## WORKING DATA
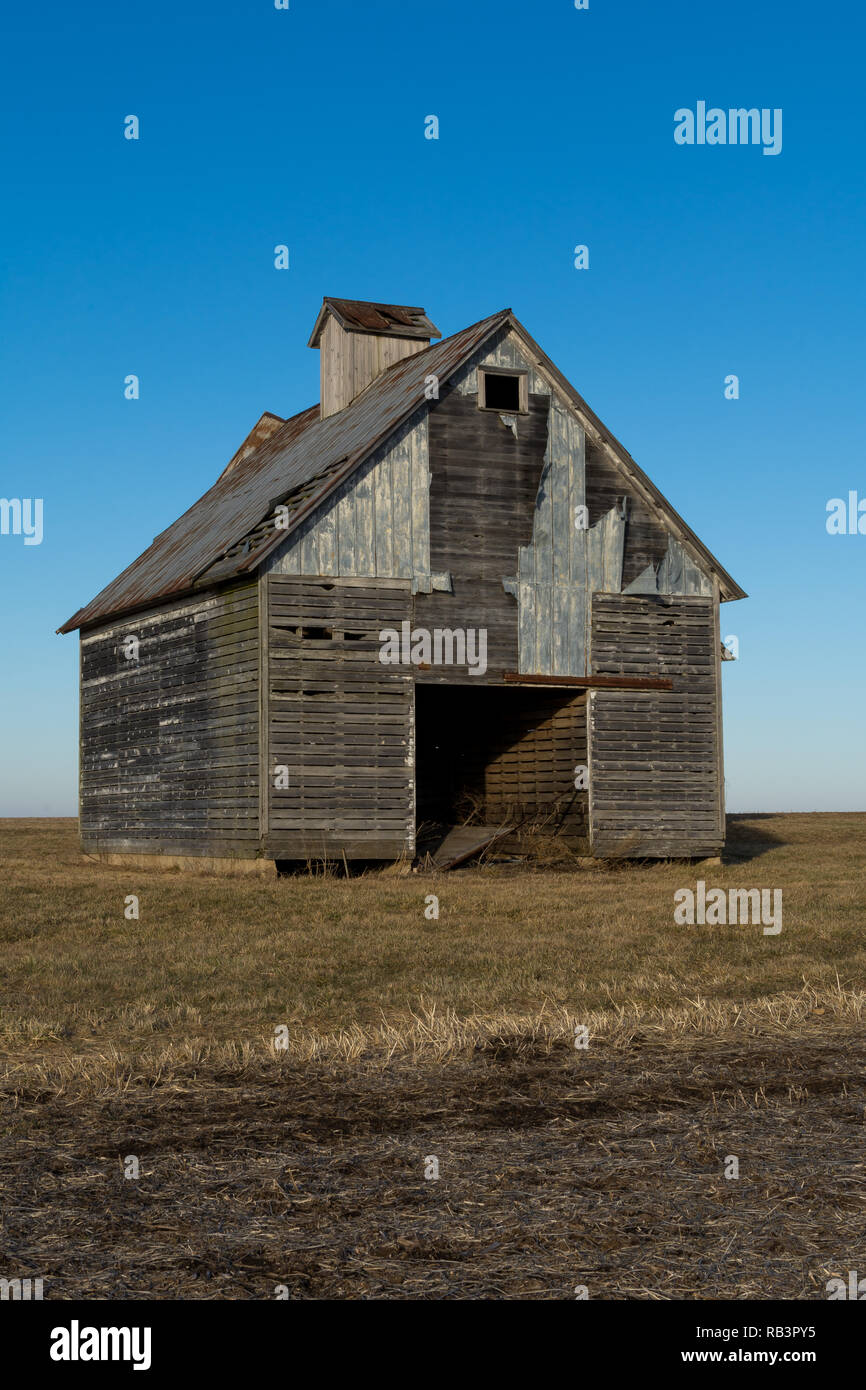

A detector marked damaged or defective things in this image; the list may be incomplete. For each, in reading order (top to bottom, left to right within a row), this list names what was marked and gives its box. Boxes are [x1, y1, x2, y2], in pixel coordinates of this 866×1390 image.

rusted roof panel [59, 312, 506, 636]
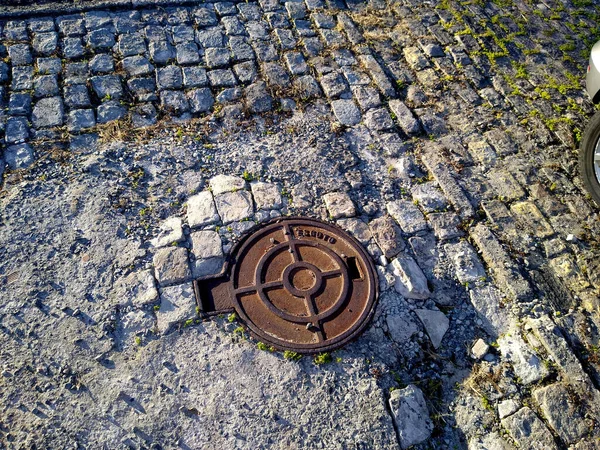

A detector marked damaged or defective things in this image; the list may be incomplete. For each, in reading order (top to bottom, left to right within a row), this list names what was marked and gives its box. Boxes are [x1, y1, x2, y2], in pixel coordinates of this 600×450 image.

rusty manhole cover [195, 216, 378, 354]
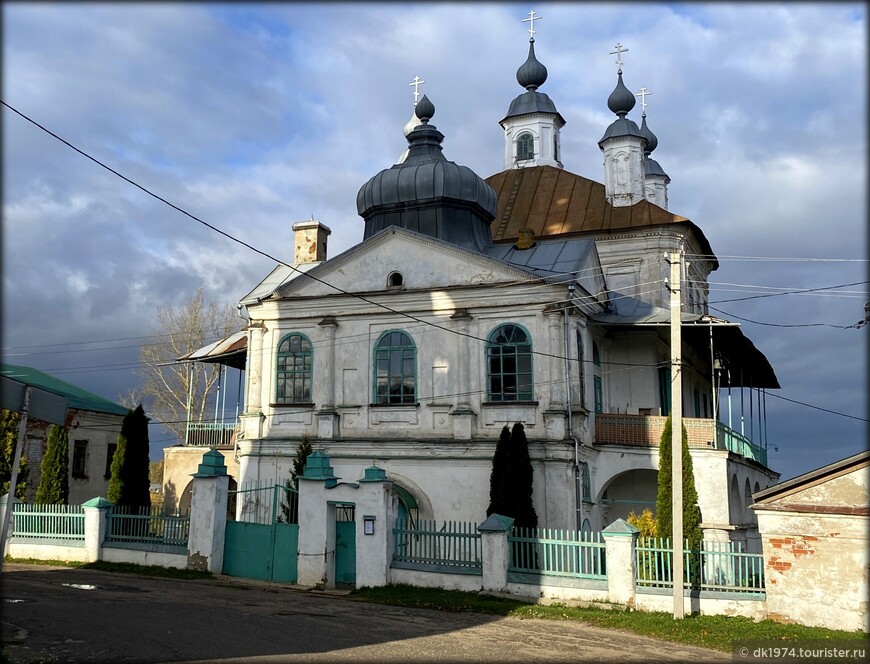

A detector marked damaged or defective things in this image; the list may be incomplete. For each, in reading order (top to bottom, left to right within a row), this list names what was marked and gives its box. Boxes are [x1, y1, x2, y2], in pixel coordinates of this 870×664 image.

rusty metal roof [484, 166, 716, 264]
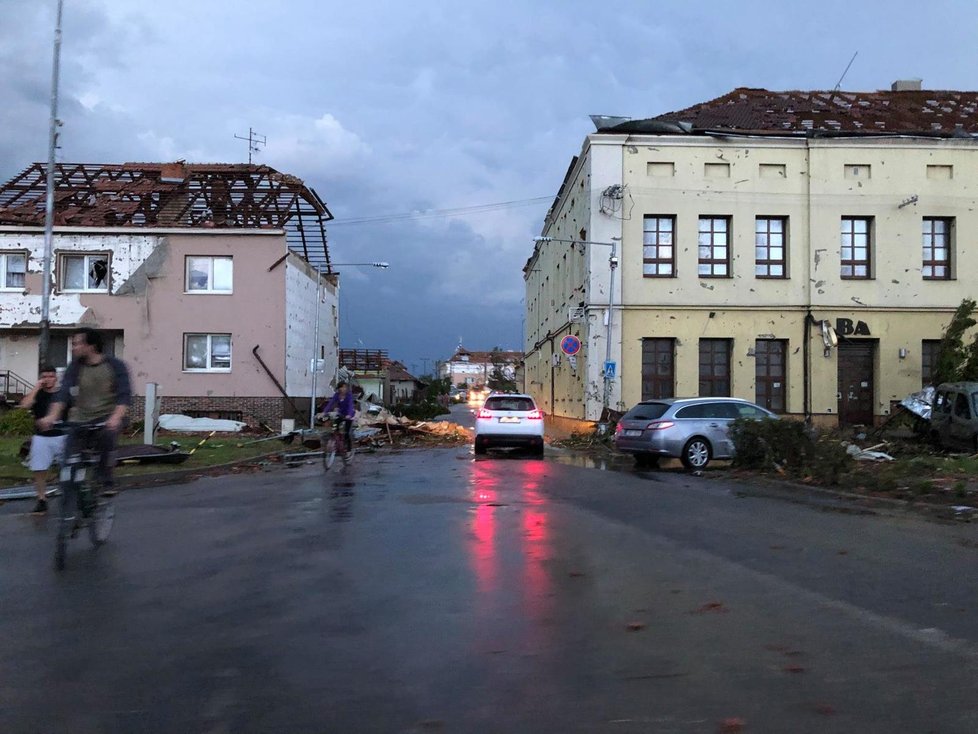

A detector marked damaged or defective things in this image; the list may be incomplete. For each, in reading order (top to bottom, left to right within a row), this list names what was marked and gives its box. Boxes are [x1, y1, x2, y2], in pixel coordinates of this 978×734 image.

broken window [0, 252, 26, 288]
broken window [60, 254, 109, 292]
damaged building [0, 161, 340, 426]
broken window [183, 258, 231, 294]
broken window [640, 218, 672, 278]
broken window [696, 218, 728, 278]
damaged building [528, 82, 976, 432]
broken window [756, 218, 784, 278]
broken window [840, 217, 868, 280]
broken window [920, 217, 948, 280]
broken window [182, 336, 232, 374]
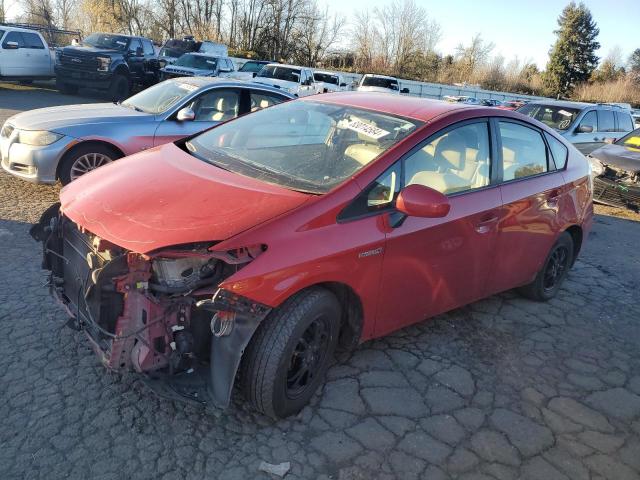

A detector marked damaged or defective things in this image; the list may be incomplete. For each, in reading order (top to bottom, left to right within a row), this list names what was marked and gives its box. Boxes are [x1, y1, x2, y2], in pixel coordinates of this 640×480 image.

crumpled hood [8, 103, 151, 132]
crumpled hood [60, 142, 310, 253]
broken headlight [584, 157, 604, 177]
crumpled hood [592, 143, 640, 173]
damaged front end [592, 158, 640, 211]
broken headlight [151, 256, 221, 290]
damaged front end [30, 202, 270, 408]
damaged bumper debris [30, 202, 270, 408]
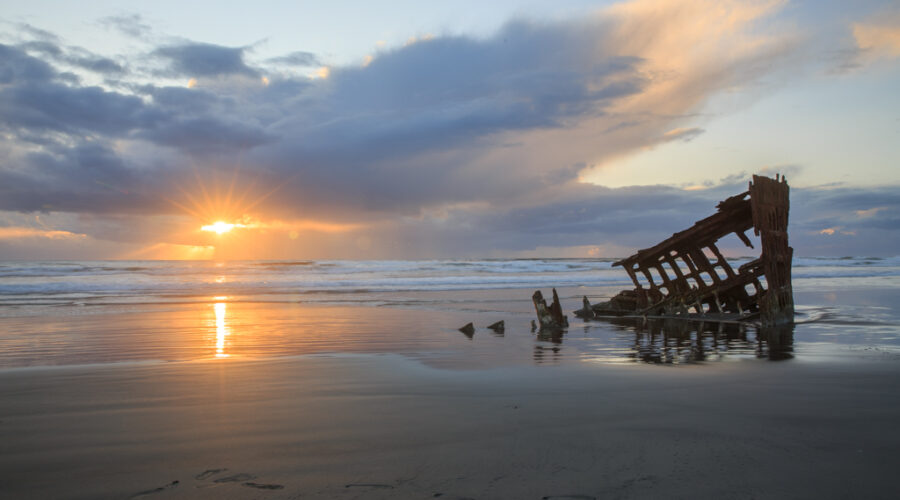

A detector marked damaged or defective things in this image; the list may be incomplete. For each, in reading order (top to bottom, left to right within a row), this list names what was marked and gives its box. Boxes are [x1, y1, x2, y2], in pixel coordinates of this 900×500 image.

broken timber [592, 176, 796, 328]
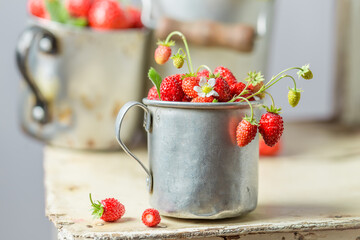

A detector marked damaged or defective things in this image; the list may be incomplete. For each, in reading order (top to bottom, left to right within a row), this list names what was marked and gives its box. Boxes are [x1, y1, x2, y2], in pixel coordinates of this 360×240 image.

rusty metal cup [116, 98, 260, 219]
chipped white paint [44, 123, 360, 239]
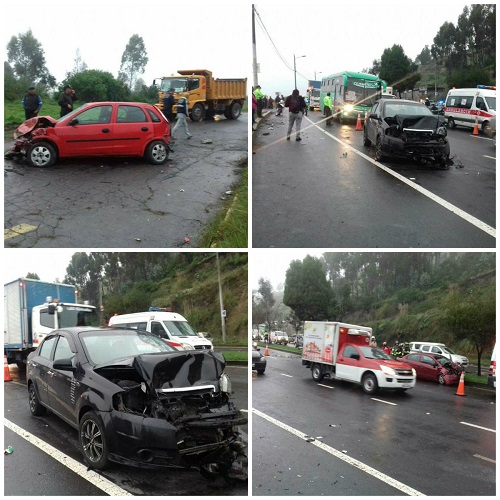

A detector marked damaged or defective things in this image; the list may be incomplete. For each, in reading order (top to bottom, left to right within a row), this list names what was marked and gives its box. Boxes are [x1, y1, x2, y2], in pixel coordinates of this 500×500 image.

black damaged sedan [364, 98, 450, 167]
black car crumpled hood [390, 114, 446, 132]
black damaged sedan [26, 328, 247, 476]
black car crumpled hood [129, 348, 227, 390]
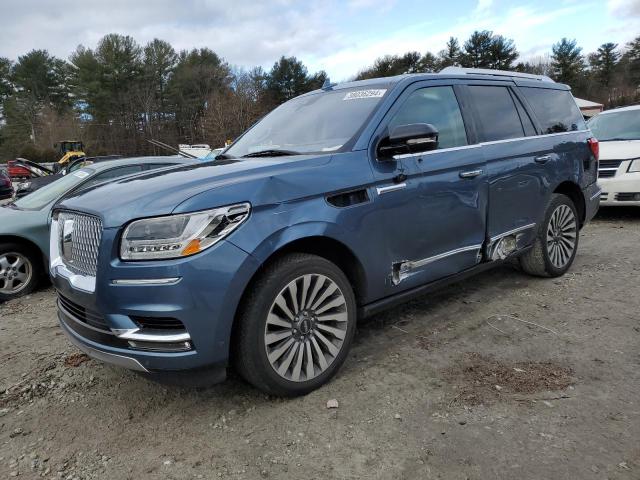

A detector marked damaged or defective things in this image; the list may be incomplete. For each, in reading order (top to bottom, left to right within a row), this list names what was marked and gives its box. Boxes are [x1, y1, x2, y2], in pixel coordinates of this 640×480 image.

## WHAT IS NEEDED
Restate the material above word for word; pictures do not belong in the copy.

## COMPLETED EXERCISE
A detector marked damaged or defective things in this image; the list may be incomplete. For each, in reading order (top to bottom, left to right within a row), this list names what was marked and gives its box. Boxes are [x1, y1, x2, y2], in pixel coordinates of this 866×1390 image.

rusted roof panel [59, 312, 506, 636]

A detector marked damaged or defective things in this image; the list may be incomplete. For each, in reading order (top to bottom, left to right within a row), this list names what was marked and gives its box. Boxes are [x1, y1, x2, y2], in pixel coordinates of this 600×450 image.

rusty manhole cover [195, 216, 378, 354]

A detector marked damaged or defective things in this image; the list may be incomplete. For each, in reading order (top to bottom, left to right within a row), this list names what was marked and gives its box. Boxes are [x1, y1, x2, y2], in pixel coordinates of this 870×664 image.

rusty metal roof [484, 166, 716, 264]

A detector marked damaged or defective things in this image; the list may be incomplete. For each, in reading order (top to bottom, left to right within a row), this list names what was marked and gives its box. Boxes are [x1, y1, x2, y2], in pixel coordinates of this 978×734 image.

broken window [0, 252, 26, 288]
broken window [60, 254, 109, 292]
damaged building [0, 161, 340, 426]
broken window [183, 258, 231, 294]
broken window [640, 218, 672, 278]
broken window [696, 218, 728, 278]
damaged building [528, 82, 976, 432]
broken window [756, 218, 784, 278]
broken window [840, 217, 868, 280]
broken window [920, 217, 948, 280]
broken window [182, 336, 232, 374]

A detector marked damaged or defective things in this image; the list may be incomplete. For each, in reading order (top to bottom, left to right within a row), this list names what was marked and gives its box. Boxes are [x1, y1, x2, y2], in pixel coordinates of this 640×480 image.

crumpled hood [8, 103, 151, 132]
crumpled hood [60, 142, 310, 253]
broken headlight [584, 157, 604, 177]
crumpled hood [592, 143, 640, 173]
damaged front end [592, 158, 640, 211]
broken headlight [151, 256, 221, 290]
damaged front end [30, 202, 270, 408]
damaged bumper debris [30, 202, 270, 408]

A detector marked damaged or defective things in this image; the list may be incomplete. For each, in reading order (top to bottom, left to right within a row), this list names what was marked and gives its box. Boxes are [x1, y1, x2, y2], in pixel coordinates of this 900×500 image.

broken timber [592, 176, 796, 328]

A detector marked damaged or defective things in this image; the list may be incomplete. For each, in reading order (top to bottom, left to right within a row), this list names what was marked and gives its box. Boxes are [x1, y1, x2, y2], in pixel coordinates of this 360×240 image.

rusty metal cup [116, 98, 260, 219]
chipped white paint [44, 123, 360, 239]

A detector marked damaged or defective things in this image; the list may be incomplete. For each, in reading order (top to bottom, left to right within a row), this list names what was marked and gives its box. Boxes are [x1, y1, x2, y2], in pixel coordinates of this 500×500 image.

black damaged sedan [364, 98, 450, 167]
black car crumpled hood [390, 114, 446, 132]
black damaged sedan [26, 328, 247, 476]
black car crumpled hood [129, 348, 227, 390]

A detector marked damaged or defective things in this image; the list may be incomplete. For each, in reading order (top to bottom, left to right within a row), this list names what was marked and gives its box. Boxes are [x1, y1, x2, y2], in pixel coordinates of this 640×480 image.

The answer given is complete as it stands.